Lemkin Summit Day 1: To stop atrocities – follow the money and see where it goes; PLUS promising indicators in the DRC

I’m currently attending the Lemkin Summit at American University in Washington, D.C., organized by the Enough Project.  Saturday was the first day of the conference, focusing on the importance of targeting ill-gotten gains and the networks of corruption as a means of preventing future mass atrocities. 

The highlight of the day was a simulation exercise prepared by Enough, which detailed the corrupt underpinnings of an attack perpetrated by unknown assailants against civilians in a fictitious country.  Participants were given a dossier of evidence — emails, news articles, text message exchanges, corporate certificates, expert analyses, photos, etc. — and were charged with deciphering who was behind the attack as well as what economic dynamics were motivating and supporting the perpetrator. 

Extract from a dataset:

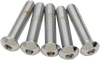 Drag Specialties Bolts - Button Head/Replacement - 5/16"-18 X 1-1/2" - 5 Pack
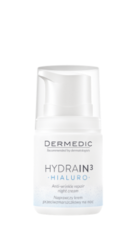 Регенерирующий крем против морщин на ночь, 55г Dermedic HYDRAIN3 HIALURO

The end product was a chart showing the interconnection of the various corporations, shell corporations, rebel groups, governmental officials, transfers of funds, etc., that facilitated and culminated in the attack.  This exercise was an eye-opening teaching tool to demonstrate how deep investigators and rights activists must go to uncover the roots of atrocity.  Only by understanding these behind-the-scenes dynamics of modern day kleptocracy and graft can we begin to target the perpetrators, accomplices, and aiders and abettors where it hurts them most — their money. 

Enough Project founder John Pendergast speaks at the Lemkin Summit

John Prendergast, founder of the Enough Project and the Sentry, as well as the author of Congo Stories, discussed ten promising indicators of progress with regards to the seemingly intractable corruption and conflict in the Democratic Republic of the Congo (DRC).  Some of these “openings” included: the appointment of pro-prevention officials in the Treasury Department; the opening of investigation against corporations engaged in the illicit exploitation of Congo’s abundant natural resources; the imposition of sanctions, asset freezes, travel and visa bans, and other tools of economic disarmament to cripple individuals, corporations, and banks tied to Kabila and his formidable economic empire; Dodd Frank’s effect of reducing armed group control over mines in the DRC from 100% to 20%; the trials of Congolese war criminals before the International Criminal Court; and, surprisingly, the recent election.  Even with widespread fraud, irregularity, and lack of transparency, Kabila did, in fact, step down — even if only symbolically — which at the bare minimum, provides an opening, a possibility, for change.